So, as this year comes to a close, I wish you a new year full of happiness, love, and many blessings.  I also wish you trials, tribulations and heavy crosses.  For with them and God, is where you truly find where your strength lies and how much you are truly loved!

Wishing you a very Happy New Year!
Until next time,
Don't do anything I wouldn't do tonight!

Love,
Me

Thursday, December 30, 2010

Yesterday, I reached my limit. 

Actually, I'm surprised that my head didn't implode/explode.

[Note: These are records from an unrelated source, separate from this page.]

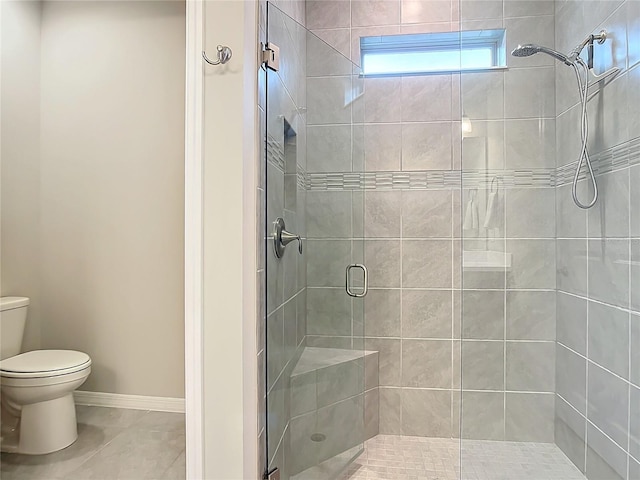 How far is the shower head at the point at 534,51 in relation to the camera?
5.68 feet

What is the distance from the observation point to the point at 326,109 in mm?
1939

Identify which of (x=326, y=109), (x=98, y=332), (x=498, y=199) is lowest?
(x=98, y=332)

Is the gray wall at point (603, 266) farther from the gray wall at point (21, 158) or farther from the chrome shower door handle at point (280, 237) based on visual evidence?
the gray wall at point (21, 158)

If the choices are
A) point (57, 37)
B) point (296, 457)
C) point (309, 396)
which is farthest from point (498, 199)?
point (57, 37)

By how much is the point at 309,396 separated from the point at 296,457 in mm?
241

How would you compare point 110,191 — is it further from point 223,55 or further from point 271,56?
point 271,56

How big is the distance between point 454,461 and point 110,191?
6.87 ft

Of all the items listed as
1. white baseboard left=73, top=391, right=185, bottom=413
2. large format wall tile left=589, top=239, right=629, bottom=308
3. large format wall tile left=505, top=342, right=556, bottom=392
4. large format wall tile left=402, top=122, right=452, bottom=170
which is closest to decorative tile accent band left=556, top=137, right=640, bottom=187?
large format wall tile left=589, top=239, right=629, bottom=308

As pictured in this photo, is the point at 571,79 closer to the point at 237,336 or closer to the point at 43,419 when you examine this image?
the point at 237,336

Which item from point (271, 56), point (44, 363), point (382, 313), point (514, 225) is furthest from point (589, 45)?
point (44, 363)

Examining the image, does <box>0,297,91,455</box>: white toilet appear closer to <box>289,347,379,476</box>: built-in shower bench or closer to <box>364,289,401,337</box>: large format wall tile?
<box>289,347,379,476</box>: built-in shower bench

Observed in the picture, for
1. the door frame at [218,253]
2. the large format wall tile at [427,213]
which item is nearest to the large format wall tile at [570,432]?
the large format wall tile at [427,213]

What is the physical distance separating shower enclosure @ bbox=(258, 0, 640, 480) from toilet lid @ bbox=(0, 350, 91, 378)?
747 millimetres

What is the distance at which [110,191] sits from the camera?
1.68 metres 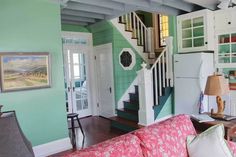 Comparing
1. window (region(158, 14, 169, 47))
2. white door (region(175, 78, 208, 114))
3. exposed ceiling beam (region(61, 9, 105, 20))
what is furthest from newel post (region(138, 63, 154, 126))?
window (region(158, 14, 169, 47))

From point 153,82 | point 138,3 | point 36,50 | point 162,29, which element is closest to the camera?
point 36,50

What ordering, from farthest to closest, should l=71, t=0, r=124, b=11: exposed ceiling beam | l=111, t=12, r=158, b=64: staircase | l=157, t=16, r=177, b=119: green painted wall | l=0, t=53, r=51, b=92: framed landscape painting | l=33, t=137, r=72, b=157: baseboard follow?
l=111, t=12, r=158, b=64: staircase
l=157, t=16, r=177, b=119: green painted wall
l=71, t=0, r=124, b=11: exposed ceiling beam
l=33, t=137, r=72, b=157: baseboard
l=0, t=53, r=51, b=92: framed landscape painting

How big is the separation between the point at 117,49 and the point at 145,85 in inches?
64.7

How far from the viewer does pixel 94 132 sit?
467 cm

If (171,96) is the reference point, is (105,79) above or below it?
above

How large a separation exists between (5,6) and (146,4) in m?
2.57

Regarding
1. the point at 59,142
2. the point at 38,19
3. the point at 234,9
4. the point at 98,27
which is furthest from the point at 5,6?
the point at 234,9

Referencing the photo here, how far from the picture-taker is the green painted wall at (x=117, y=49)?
17.8 ft

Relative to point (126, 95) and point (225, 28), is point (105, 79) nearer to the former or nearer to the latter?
point (126, 95)

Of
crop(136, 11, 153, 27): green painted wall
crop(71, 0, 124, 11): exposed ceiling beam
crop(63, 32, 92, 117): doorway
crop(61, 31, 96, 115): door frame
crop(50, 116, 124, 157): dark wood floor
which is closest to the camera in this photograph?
crop(71, 0, 124, 11): exposed ceiling beam

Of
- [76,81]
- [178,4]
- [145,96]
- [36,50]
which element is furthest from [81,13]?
[145,96]

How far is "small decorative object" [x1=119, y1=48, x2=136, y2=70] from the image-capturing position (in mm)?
5644

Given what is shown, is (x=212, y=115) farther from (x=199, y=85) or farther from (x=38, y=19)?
(x=38, y=19)

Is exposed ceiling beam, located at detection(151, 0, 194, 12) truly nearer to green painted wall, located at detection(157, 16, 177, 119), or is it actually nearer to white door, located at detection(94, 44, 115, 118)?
green painted wall, located at detection(157, 16, 177, 119)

There has been so much *noise* all around me lately.   I have three teenagers whom I love dearly.  I don't mind the happy noise, the giggling and laughing or music.  Nope, that stuff is okay.  I'm talking about tv blaring, three teenagers yelling at each other constantly, the phone ringing off the hook, noise, noise, noise.  I asked the kids nicely, more than once, more than a gazillion times, to calm it down.  I think my teenagers need hearing aids.  It turns out, if I ask them to come here, ask them to do anything, they don't hear me...ever.  However, after the gazillionth time of asking, I yell, then they hear me.  It kind of makes me think I'm going crazy.

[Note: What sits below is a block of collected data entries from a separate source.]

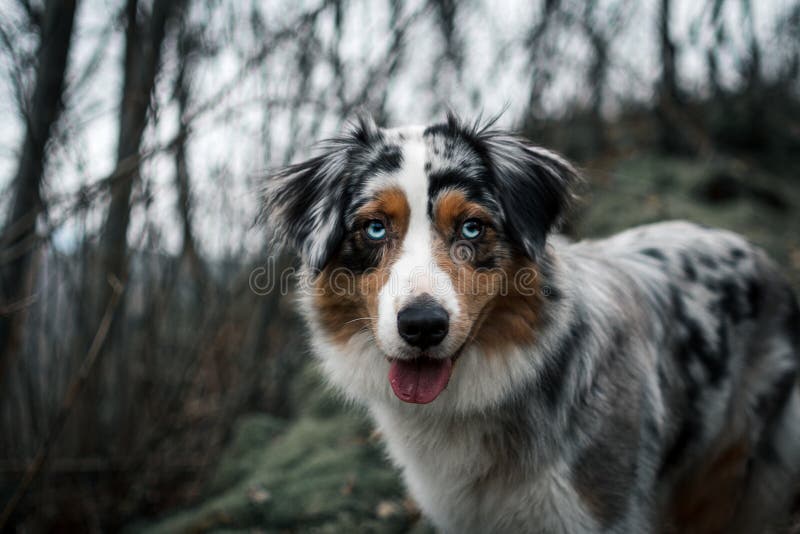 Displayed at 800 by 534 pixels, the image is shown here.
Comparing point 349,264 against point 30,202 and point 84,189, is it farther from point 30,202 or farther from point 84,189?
point 30,202

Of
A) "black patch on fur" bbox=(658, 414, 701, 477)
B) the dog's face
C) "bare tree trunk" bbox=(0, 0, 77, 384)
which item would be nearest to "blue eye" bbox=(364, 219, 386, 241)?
the dog's face

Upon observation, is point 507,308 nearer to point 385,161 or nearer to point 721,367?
point 385,161

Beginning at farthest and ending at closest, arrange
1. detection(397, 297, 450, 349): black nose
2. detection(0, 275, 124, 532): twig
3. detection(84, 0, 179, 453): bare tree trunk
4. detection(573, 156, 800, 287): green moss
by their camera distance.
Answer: detection(573, 156, 800, 287): green moss, detection(84, 0, 179, 453): bare tree trunk, detection(0, 275, 124, 532): twig, detection(397, 297, 450, 349): black nose

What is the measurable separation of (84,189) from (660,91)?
774 cm

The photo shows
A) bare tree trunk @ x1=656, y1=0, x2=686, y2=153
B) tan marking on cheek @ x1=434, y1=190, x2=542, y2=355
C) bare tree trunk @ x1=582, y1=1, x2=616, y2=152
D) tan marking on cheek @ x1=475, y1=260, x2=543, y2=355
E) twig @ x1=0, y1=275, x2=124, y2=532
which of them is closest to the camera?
tan marking on cheek @ x1=434, y1=190, x2=542, y2=355

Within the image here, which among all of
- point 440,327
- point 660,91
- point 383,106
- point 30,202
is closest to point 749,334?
point 440,327

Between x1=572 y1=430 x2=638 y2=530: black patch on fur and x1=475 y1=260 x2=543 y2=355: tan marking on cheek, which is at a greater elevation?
x1=475 y1=260 x2=543 y2=355: tan marking on cheek

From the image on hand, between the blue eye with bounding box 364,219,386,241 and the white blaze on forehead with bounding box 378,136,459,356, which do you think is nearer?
the white blaze on forehead with bounding box 378,136,459,356

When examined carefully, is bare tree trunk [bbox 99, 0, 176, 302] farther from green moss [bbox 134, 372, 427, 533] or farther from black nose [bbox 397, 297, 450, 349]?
black nose [bbox 397, 297, 450, 349]

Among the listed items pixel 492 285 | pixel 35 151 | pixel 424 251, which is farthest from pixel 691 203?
pixel 35 151

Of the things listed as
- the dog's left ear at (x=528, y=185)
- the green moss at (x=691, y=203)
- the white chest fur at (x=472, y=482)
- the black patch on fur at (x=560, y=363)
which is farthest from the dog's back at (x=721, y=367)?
the green moss at (x=691, y=203)

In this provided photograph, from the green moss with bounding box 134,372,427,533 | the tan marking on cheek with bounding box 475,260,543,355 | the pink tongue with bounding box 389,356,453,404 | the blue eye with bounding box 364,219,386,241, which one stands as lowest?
the green moss with bounding box 134,372,427,533

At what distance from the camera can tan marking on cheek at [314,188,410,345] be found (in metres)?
2.62

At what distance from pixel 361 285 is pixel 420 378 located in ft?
1.65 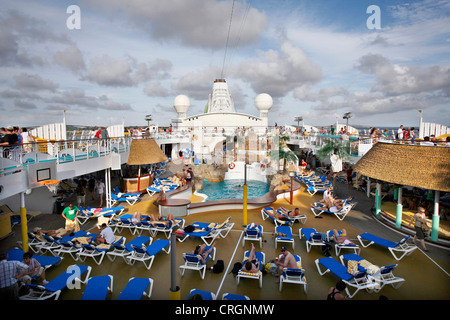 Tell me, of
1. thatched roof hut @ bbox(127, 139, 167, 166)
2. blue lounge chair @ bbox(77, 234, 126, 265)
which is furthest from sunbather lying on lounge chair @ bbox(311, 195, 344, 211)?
thatched roof hut @ bbox(127, 139, 167, 166)

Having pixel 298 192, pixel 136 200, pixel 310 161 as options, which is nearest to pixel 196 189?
pixel 136 200

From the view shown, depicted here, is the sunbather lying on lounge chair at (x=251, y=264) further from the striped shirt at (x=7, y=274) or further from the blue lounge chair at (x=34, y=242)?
the blue lounge chair at (x=34, y=242)

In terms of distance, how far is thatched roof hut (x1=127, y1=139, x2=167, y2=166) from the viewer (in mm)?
12422

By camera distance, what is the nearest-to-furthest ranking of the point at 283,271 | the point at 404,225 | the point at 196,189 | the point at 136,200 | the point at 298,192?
the point at 283,271 < the point at 404,225 < the point at 136,200 < the point at 298,192 < the point at 196,189

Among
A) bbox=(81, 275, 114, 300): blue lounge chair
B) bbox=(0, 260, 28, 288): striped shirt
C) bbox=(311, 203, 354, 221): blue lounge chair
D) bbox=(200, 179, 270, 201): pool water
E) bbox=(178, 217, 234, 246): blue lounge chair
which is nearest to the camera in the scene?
bbox=(0, 260, 28, 288): striped shirt

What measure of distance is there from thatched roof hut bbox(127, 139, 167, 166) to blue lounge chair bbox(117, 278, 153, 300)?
805cm

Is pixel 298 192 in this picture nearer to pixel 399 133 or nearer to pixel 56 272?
pixel 399 133

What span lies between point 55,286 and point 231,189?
1143cm

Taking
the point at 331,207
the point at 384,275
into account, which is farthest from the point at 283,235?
the point at 331,207

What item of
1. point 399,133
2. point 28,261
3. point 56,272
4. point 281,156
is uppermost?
point 399,133

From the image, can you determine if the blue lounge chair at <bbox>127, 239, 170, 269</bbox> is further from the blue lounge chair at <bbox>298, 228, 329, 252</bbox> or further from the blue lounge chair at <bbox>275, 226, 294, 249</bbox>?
the blue lounge chair at <bbox>298, 228, 329, 252</bbox>

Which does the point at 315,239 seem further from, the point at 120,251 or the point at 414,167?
the point at 120,251

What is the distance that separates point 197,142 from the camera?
26.2 meters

So there I was surrounded by all this noise well into the night.  Finally, I go upstairs figuring I'll get on the computer for a little bit.  Then, I decide to lay down for a little bit instead.  In my room, it's relatively quiet.  No kids, only the ticking of the clock, the noise from my clock (tick, tick, tick), and the tv downstairs.  Which is not loud enough that you can make out what's being said, but loud enough that you know it's on.  So I lay on my bed and begin to enjoy the relative silence and start to talk to God. 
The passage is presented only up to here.